Your task :: Please write out only the lines from the line with "BGS Einspritzdüsen-Kupferring-Sortiment |" to the line with "Women's Plus Contrast Trim Cap Sleeve Tee", inclusive, exactly as they stand below, without the pictures.

-- Dataset follows --

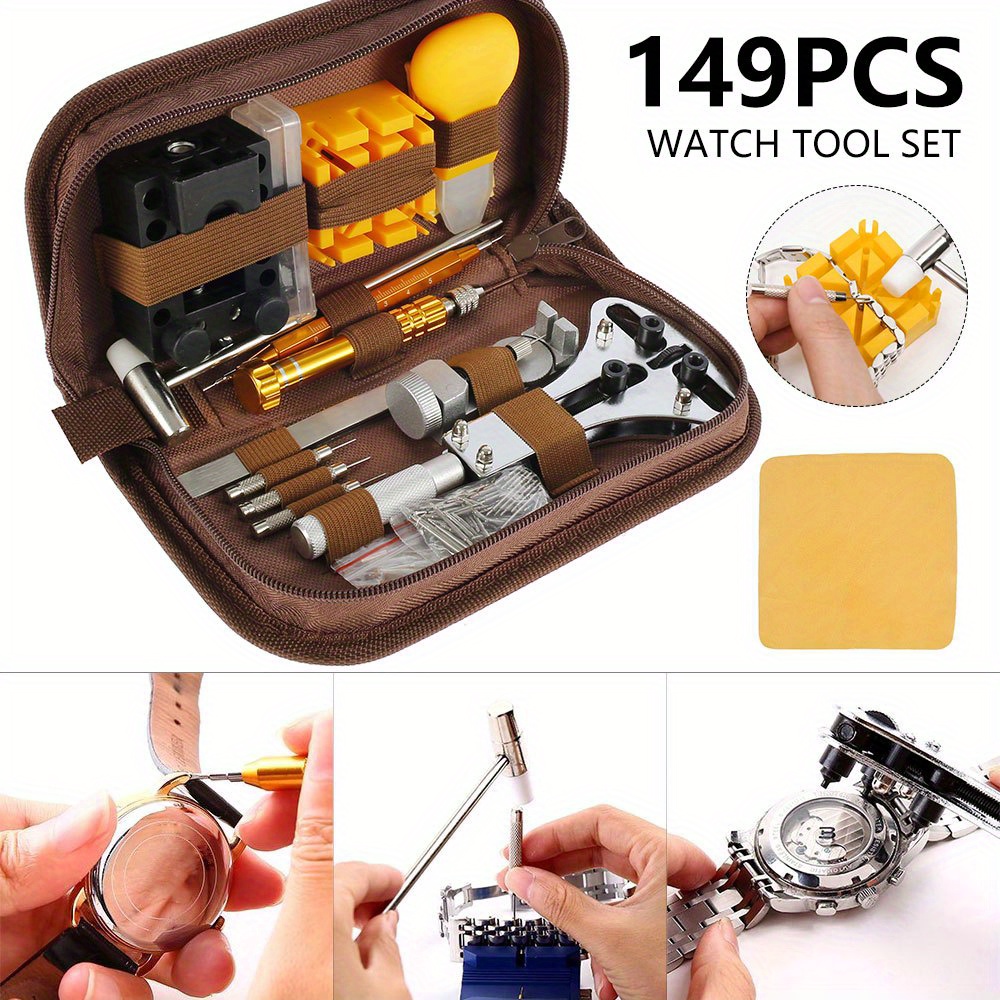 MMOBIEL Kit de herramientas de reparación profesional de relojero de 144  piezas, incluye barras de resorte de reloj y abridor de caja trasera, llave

-- Dataset concluded --
-- Dataset follows --

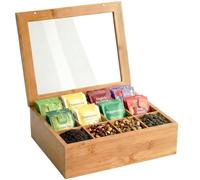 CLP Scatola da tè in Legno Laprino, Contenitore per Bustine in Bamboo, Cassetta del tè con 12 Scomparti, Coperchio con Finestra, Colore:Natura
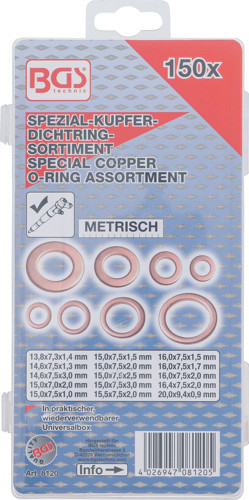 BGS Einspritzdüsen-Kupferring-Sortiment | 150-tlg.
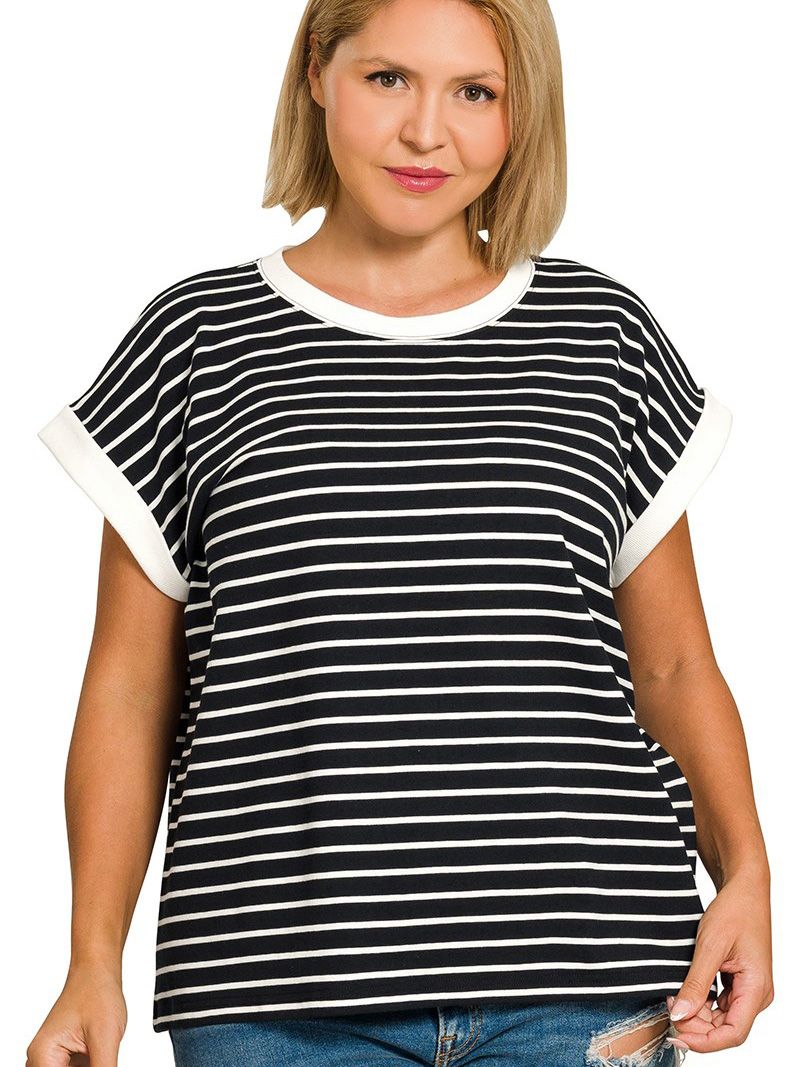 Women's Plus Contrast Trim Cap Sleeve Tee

-- Dataset concluded --

Task response ::
 BGS Einspritzdüsen-Kupferring-Sortiment | 150-tlg.
 Women's Plus Contrast Trim Cap Sleeve Tee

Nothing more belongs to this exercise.